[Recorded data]
- - -

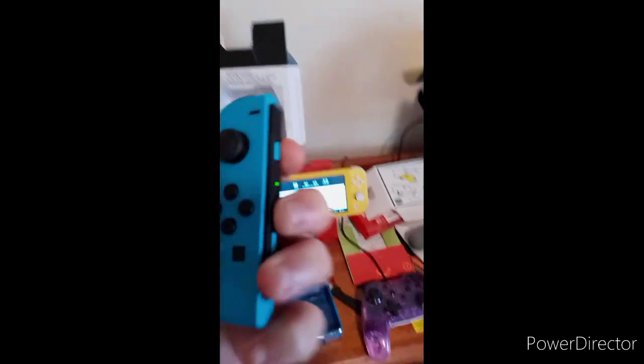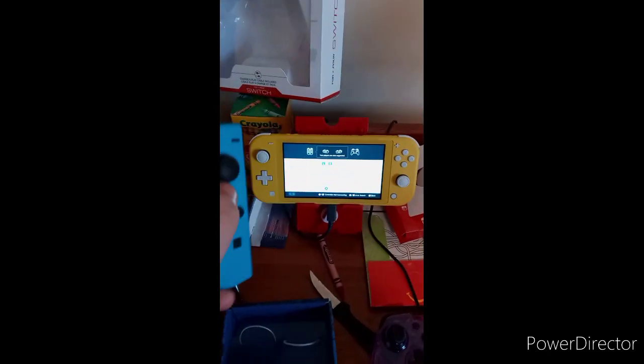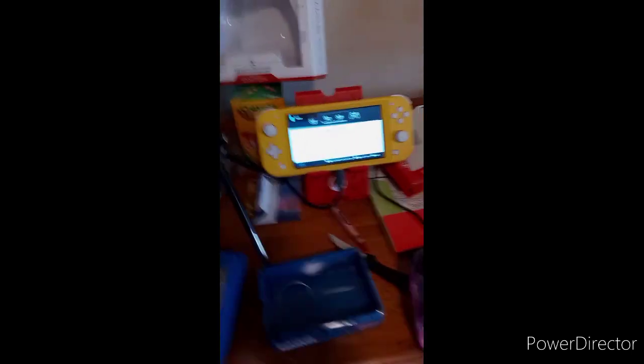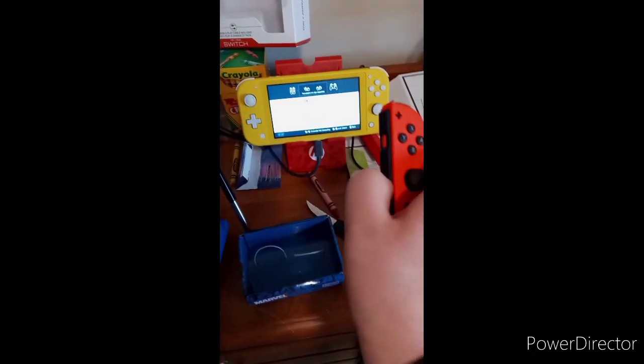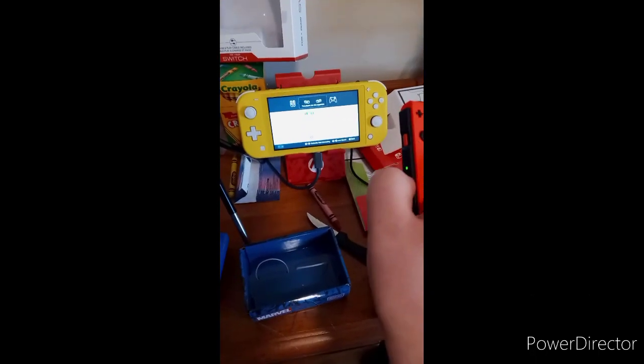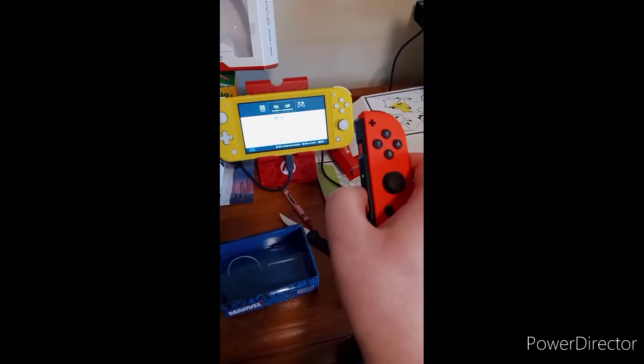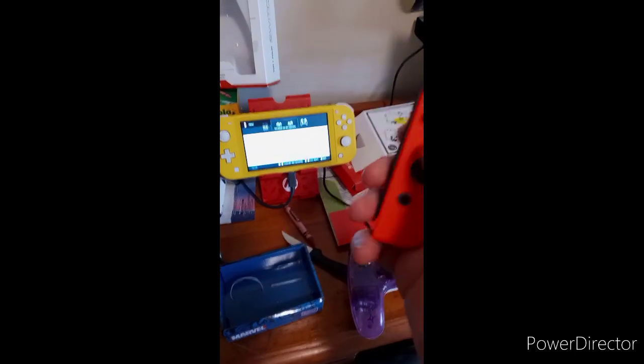And I'm going to prove to them you can play these on the Nintendo Switch Lite. See, look at that. I'm going to do the other one. And I'm proving them you can use Joy-Cons on your Nintendo Switch Lite. See?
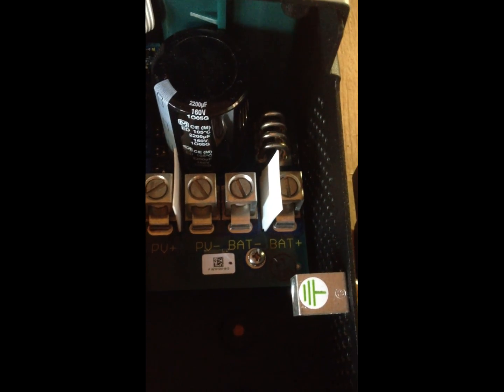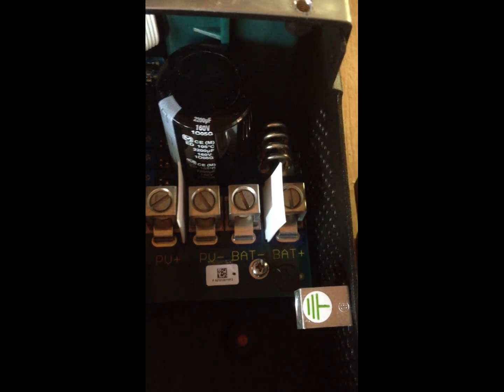These two are the negative and positive battery connections. The negative battery goes again to the grounding bus bar. The positive battery goes to — it'll squeeze under the charge controller — to the battery terminal right there.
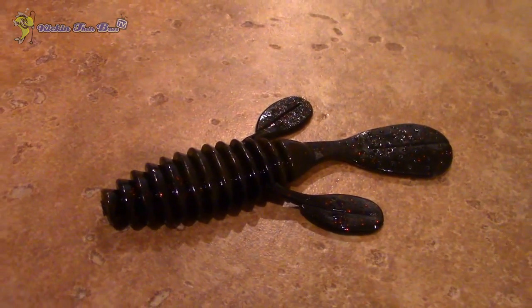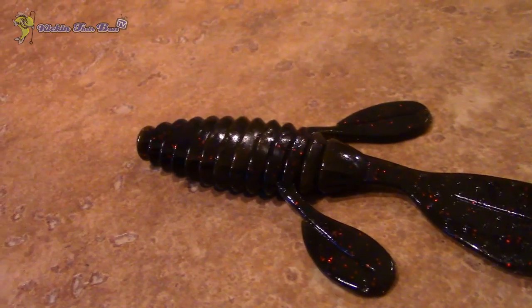The first bait in the box is the Ugly Otter by Gambler. It's pretty much just a beaver-style bait. You can rig this for punching, on a jig, on a wobble head, or a shaky head — pretty much anything. You can even rig it weightless. It's similar to a beaver except the tail is slightly different. It's a darker color, pretty much like a green pumpkin with some black in it. Great for dirty water lakes, especially as a jig trailer. These things smell pretty strong as well.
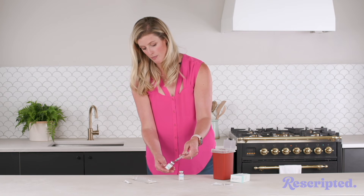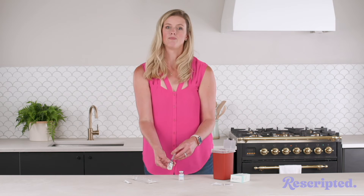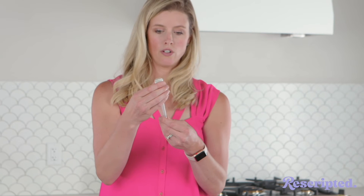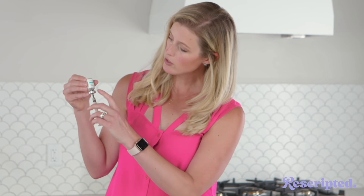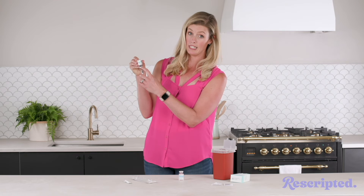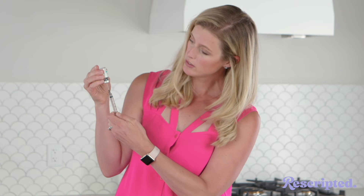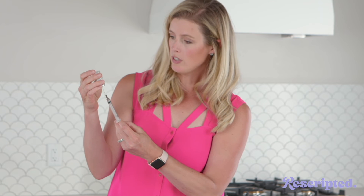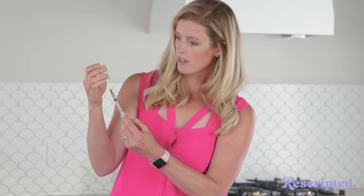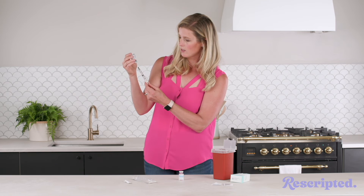Once the powder is dissolved, bring the vial up to eye level. You're gonna look for the little window — it's gray all around except for a little window where you can actually see the liquid all the way to the bottom. Now pull the needle all the way out until it feels like it's about to fall out but not quite, and look through the window as you draw back, trying to get every last little drop of that medication.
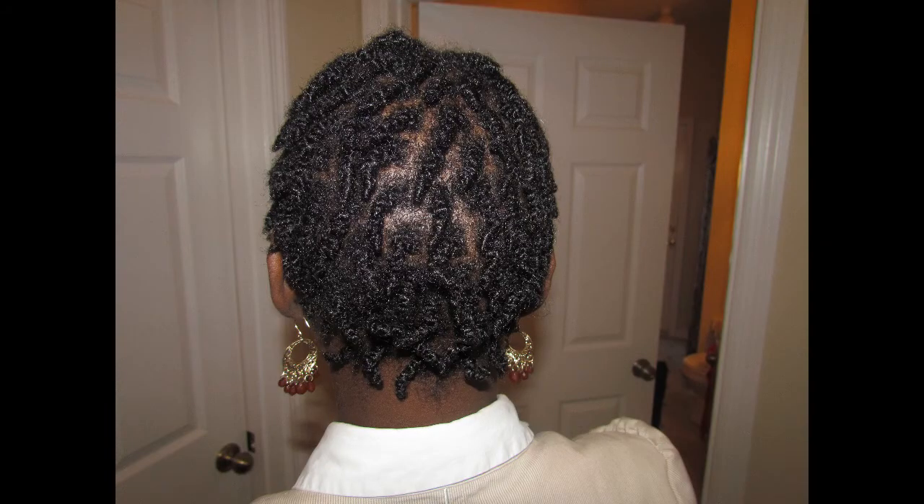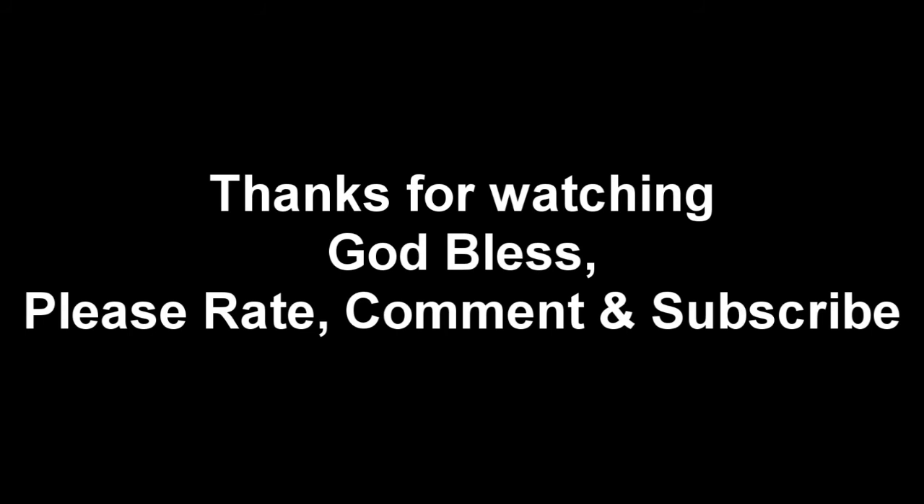I hope you guys like it. See you next time on the next video. Bye, guys!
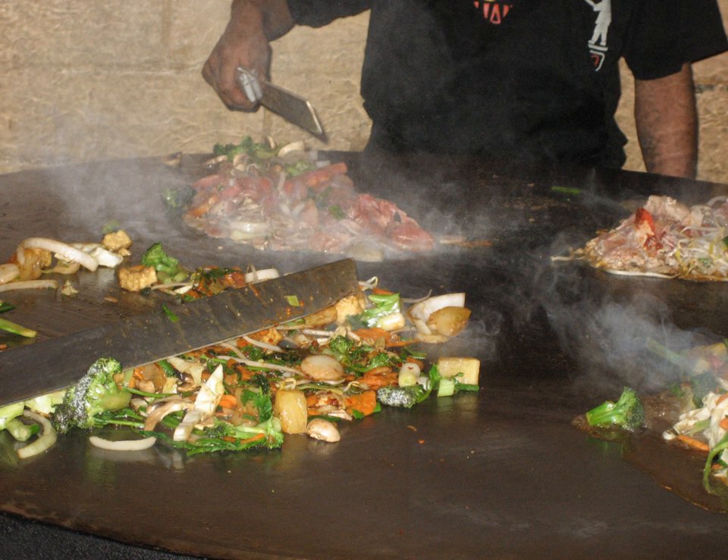Typically, diners select a variety of raw ingredients from a display of thinly sliced meats such as beef, pork, lamb, turkey, chicken, and shrimp, and vegetables such as cabbage, tofu, onion, broccoli, and mushrooms. The bowl of ingredients is handed to the chef who adds the diner's choice of sauce, then transfers them to the grill. The round shape of the grill allows two or more chefs to cook food simultaneously, and to cook quickly due to the thinly sliced ingredients, so the food is typically cooked in one revolution of the grill.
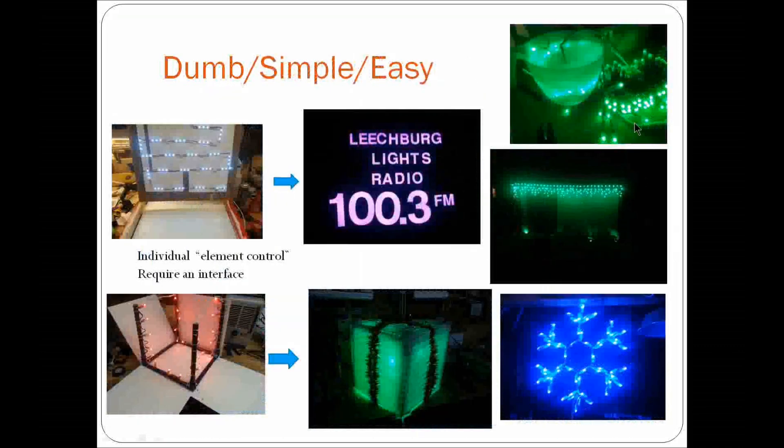I like to use a lot of dumb RGB in my display — about 75% of my display is dumb or simple easy RGB's, and the remaining 25% is pixels. For example, this is my radio sign conversion. I've had the radio signs for about six years and I put RGB's behind them, replacing the incandescent lights that used to run off of Lightorama. I also made a PVC frame out of half-inch PVC and zip-tied the RGB's inside to create an RGB present covered with Coroplast plastic. I like using dumb RGB's. They're very simple — you just turn them on and off.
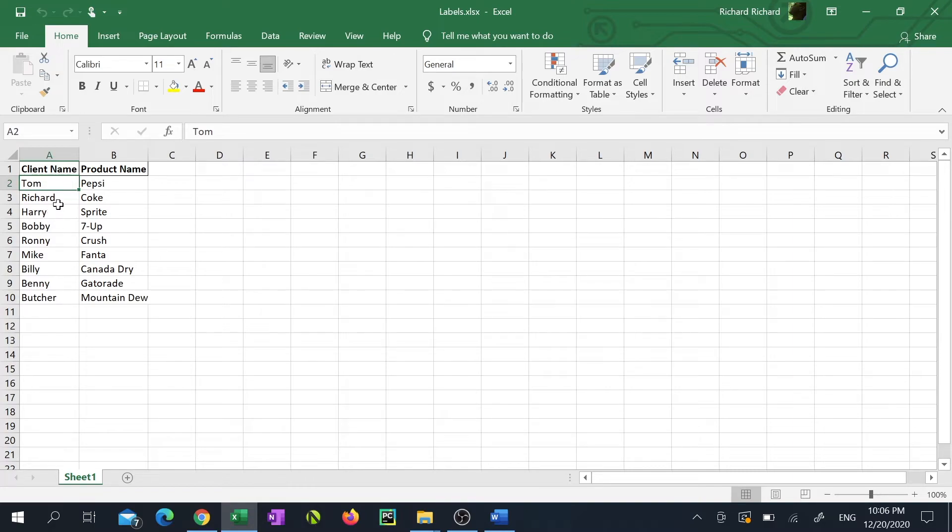This way I can peel off the label and stick it on the appropriate soft drink can, so I'll know that Tom is the one drinking Pepsi and Richard is the one drinking Coke. We're going to be using mail merge to pull the names from the Excel sheet and format them so they can be printed out onto labels.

- - -

• How to complete this task: Your reply should give again exactly the lines from the one with "Once the powder" through the last line of the data, with both ends included and pictures left out.

• Exercise solution:
Once the powder is dissolved, bring the vial up to eye level. You're gonna look for the little window — it's gray all around except for a little window where you can actually see the liquid all the way to the bottom. Now pull the needle all the way out until it feels like it's about to fall out but not quite, and look through the window as you draw back, trying to get every last little drop of that medication.
I hope you guys like it. See you next time on the next video. Bye, guys!
Typically, diners select a variety of raw ingredients from a display of thinly sliced meats such as beef, pork, lamb, turkey, chicken, and shrimp, and vegetables such as cabbage, tofu, onion, broccoli, and mushrooms. The bowl of ingredients is handed to the chef who adds the diner's choice of sauce, then transfers them to the grill. The round shape of the grill allows two or more chefs to cook food simultaneously, and to cook quickly due to the thinly sliced ingredients, so the food is typically cooked in one revolution of the grill.
I like to use a lot of dumb RGB in my display — about 75% of my display is dumb or simple easy RGB's, and the remaining 25% is pixels. For example, this is my radio sign conversion. I've had the radio signs for about six years and I put RGB's behind them, replacing the incandescent lights that used to run off of Lightorama. I also made a PVC frame out of half-inch PVC and zip-tied the RGB's inside to create an RGB present covered with Coroplast plastic. I like using dumb RGB's. They're very simple — you just turn them on and off.
This way I can peel off the label and stick it on the appropriate soft drink can, so I'll know that Tom is the one drinking Pepsi and Richard is the one drinking Coke. We're going to be using mail merge to pull the names from the Excel sheet and format them so they can be printed out onto labels.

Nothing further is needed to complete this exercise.